▶ What you have to do:
The copy has to match the records word for word and include no pictures.

▶ Data entries:
----------

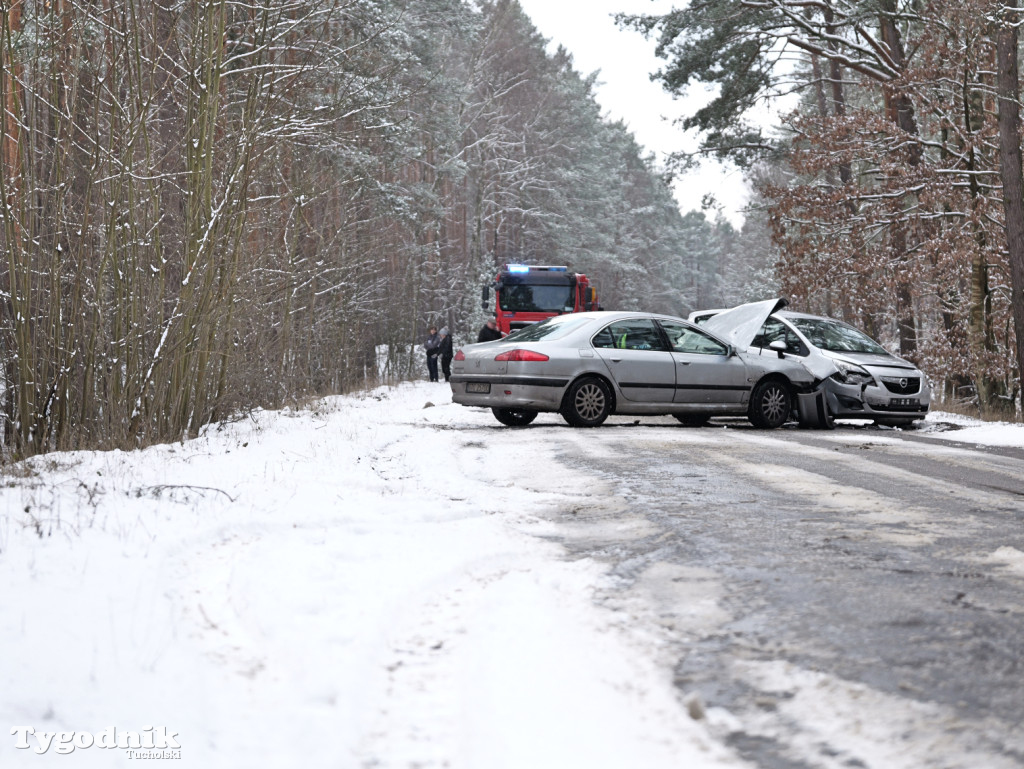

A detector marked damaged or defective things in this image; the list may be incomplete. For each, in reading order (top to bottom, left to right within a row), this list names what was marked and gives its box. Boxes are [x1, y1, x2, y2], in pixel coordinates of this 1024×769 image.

damaged silver hatchback [700, 296, 933, 428]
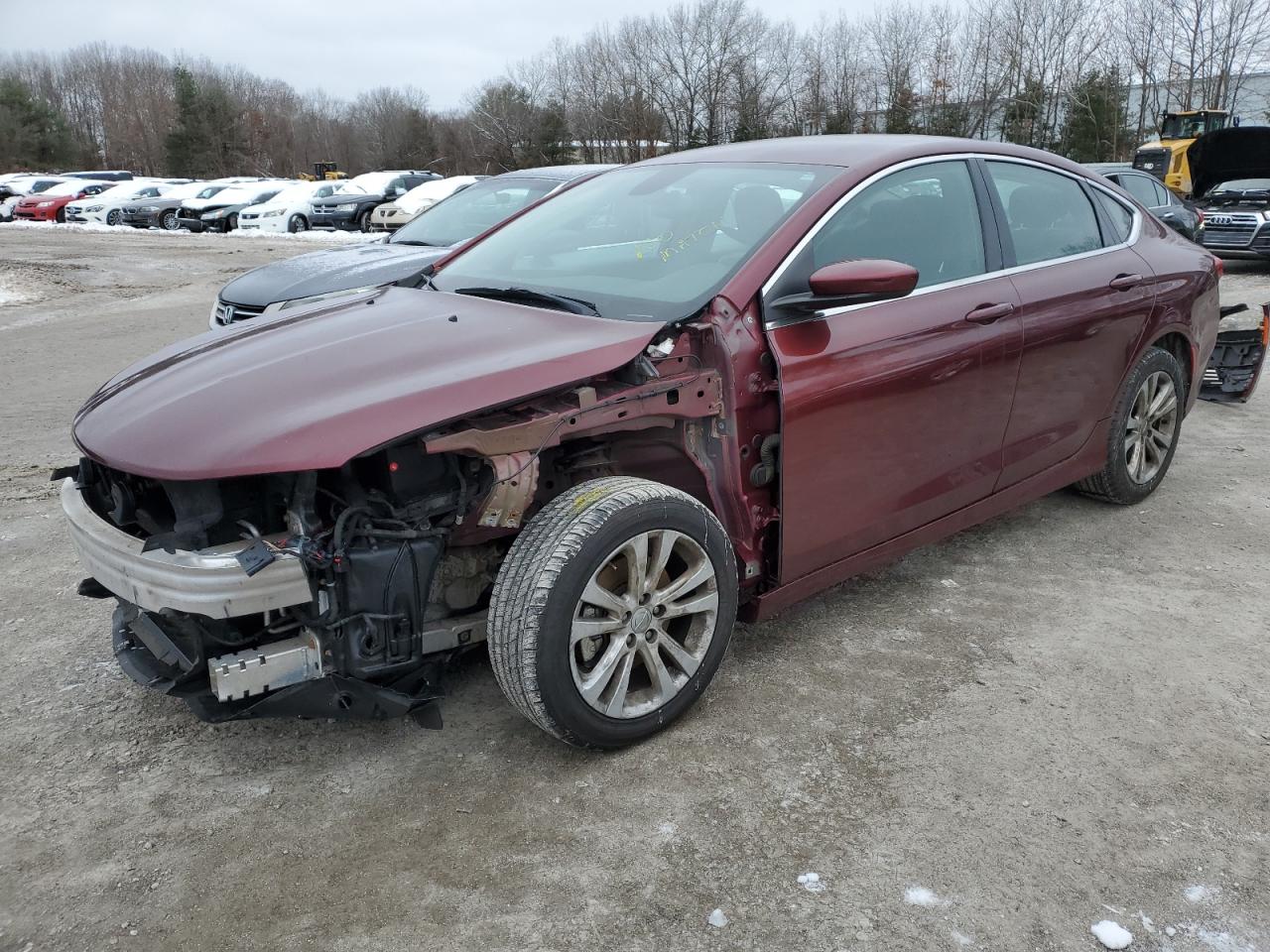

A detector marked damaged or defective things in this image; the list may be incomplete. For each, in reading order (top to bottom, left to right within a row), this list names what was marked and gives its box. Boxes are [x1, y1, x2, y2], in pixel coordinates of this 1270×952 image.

damaged maroon sedan [62, 135, 1218, 746]
front bumper damaged [1199, 302, 1270, 404]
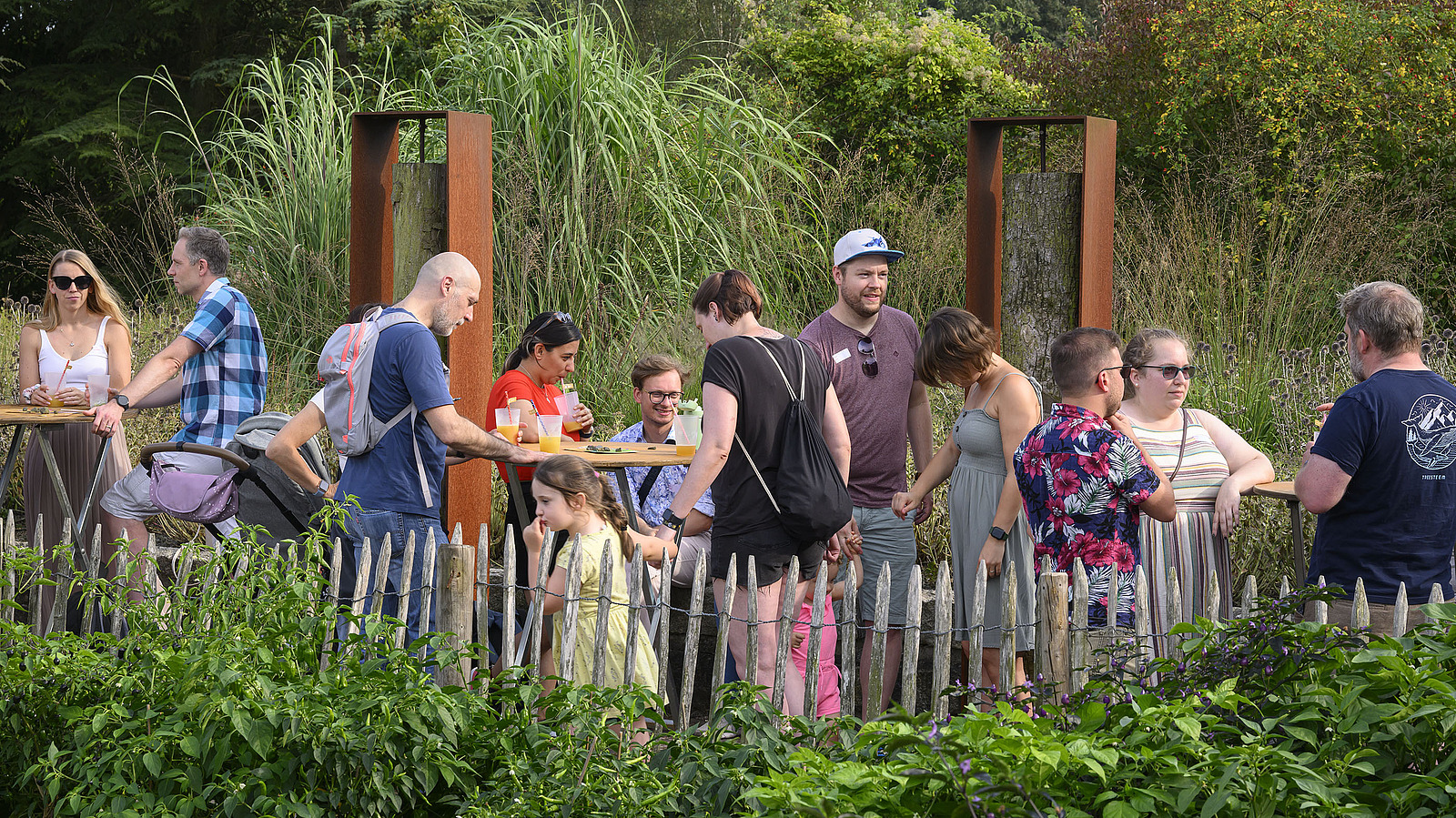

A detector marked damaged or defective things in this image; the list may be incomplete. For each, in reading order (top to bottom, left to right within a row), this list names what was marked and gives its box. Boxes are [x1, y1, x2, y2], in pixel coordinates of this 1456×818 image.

rusty steel frame structure [350, 111, 495, 538]
rusty steel frame structure [961, 112, 1117, 333]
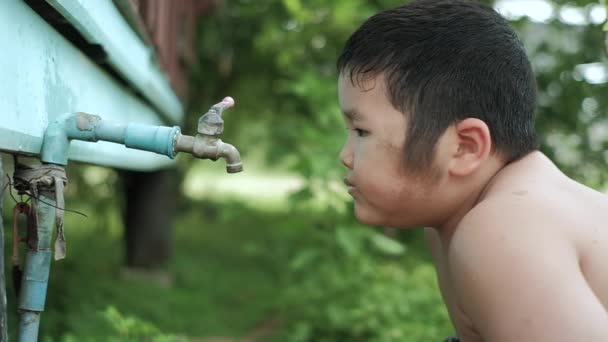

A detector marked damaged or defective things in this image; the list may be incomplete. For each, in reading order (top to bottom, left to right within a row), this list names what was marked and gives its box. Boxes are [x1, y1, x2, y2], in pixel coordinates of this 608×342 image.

rusty metal faucet [173, 97, 242, 172]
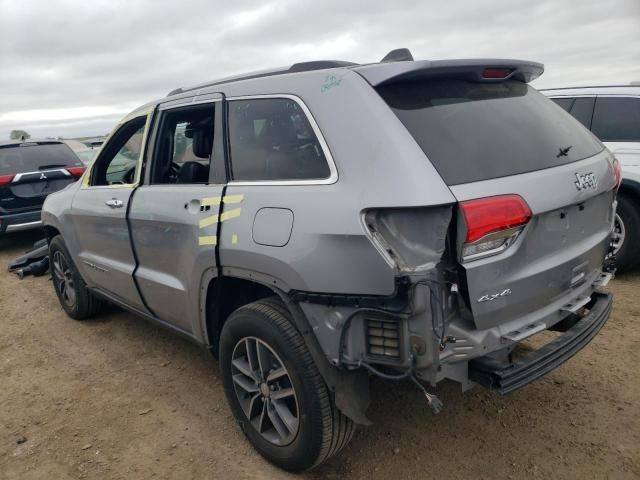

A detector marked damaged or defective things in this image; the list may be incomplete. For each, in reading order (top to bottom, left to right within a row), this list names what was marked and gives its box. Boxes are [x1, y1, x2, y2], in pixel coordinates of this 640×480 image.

crumpled rear bumper [468, 290, 612, 392]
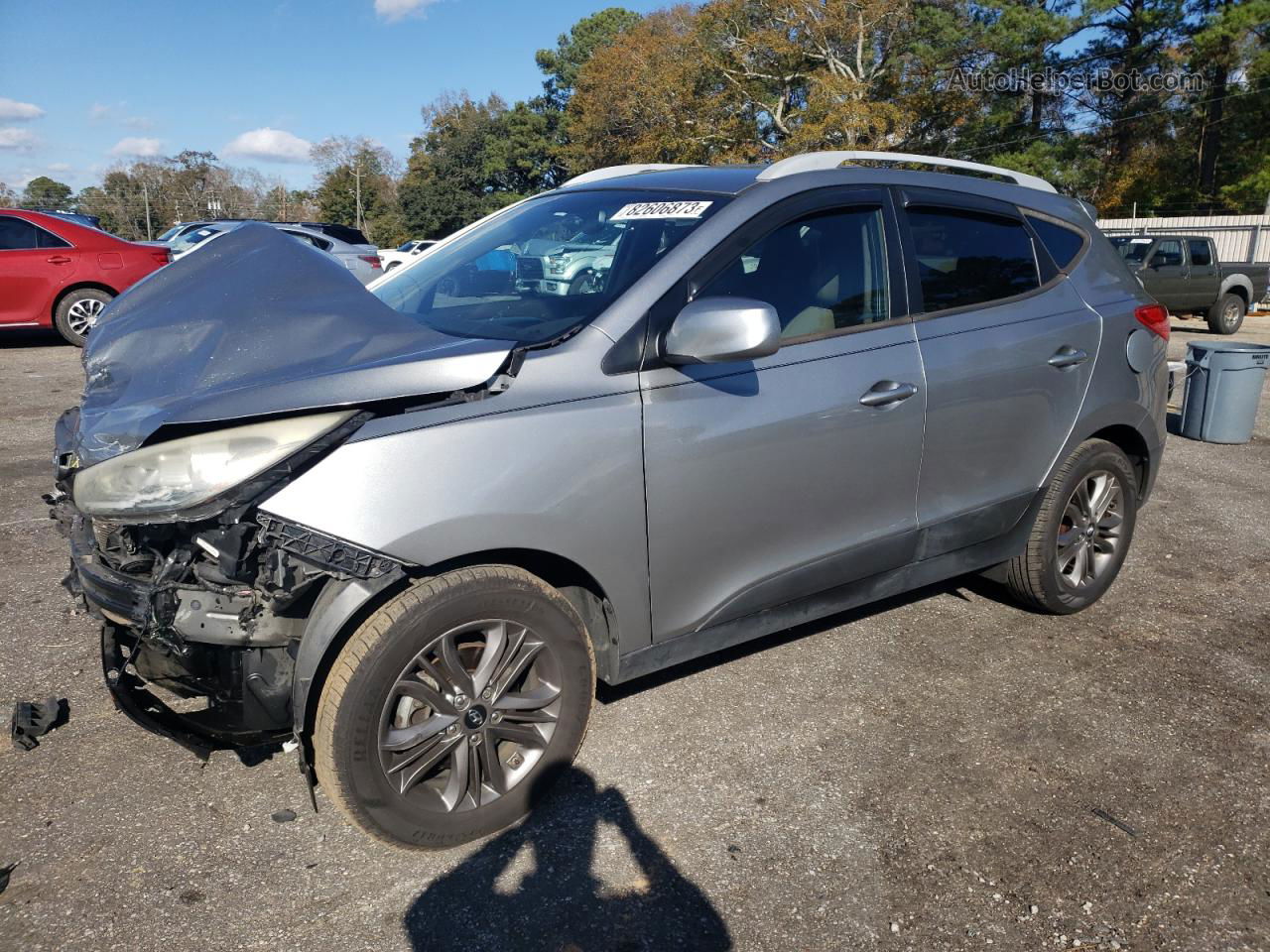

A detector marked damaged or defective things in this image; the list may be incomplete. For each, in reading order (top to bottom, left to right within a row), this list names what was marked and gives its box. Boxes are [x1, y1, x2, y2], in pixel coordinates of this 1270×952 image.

----------

▶ Result:
A detector marked damaged or defective things in this image; the list may be incomplete. For each, in reading order (top to bottom, left to right within a row), this list names what was marked and gives its box. Boxes are [x1, y1, x2, y2], in pixel coordinates of this 1024×769 image.

damaged silver hatchback [700, 296, 933, 428]

A detector marked damaged or defective things in this image; the list may be incomplete. For each, in reading order (top to bottom, left to right within a row), this list names what was marked and gives its box. Boxes are [x1, y1, x2, y2], in pixel coordinates of this 1270×952 image.

damaged maroon sedan [62, 135, 1218, 746]
front bumper damaged [1199, 302, 1270, 404]

A detector marked damaged or defective things in this image; the list may be incomplete. For each, in reading order (top to bottom, left to right within a row), this list names what was marked and gives its box. Boxes are [x1, y1, x2, y2], in pixel coordinates of this 1456×818 image.

rusty steel frame structure [350, 111, 495, 538]
rusty steel frame structure [961, 112, 1117, 333]

A detector marked damaged or defective things in this image; the list may be incomplete. For each, in reading order (top to bottom, left to right within a row), this list names what was marked and gives its box. Boxes are [x1, y1, x2, y2], in pixel coordinates of this 608×342 image.

rusty metal faucet [173, 97, 242, 172]

A detector marked damaged or defective things in this image; the list may be incomplete. For each, in reading order (top to bottom, left to right within a row), this list names what was marked and gives its box. Boxes are [x1, y1, x2, y2], in pixel coordinates of this 640×480 image.

crumpled rear bumper [468, 290, 612, 392]

A detector marked damaged or defective things in this image; the list may be incomplete. For each, in reading order (top to bottom, left to right within a row), this list names what was marked and gives its box. Boxes are [x1, y1, x2, y2], in pixel coordinates of this 1270×952 image.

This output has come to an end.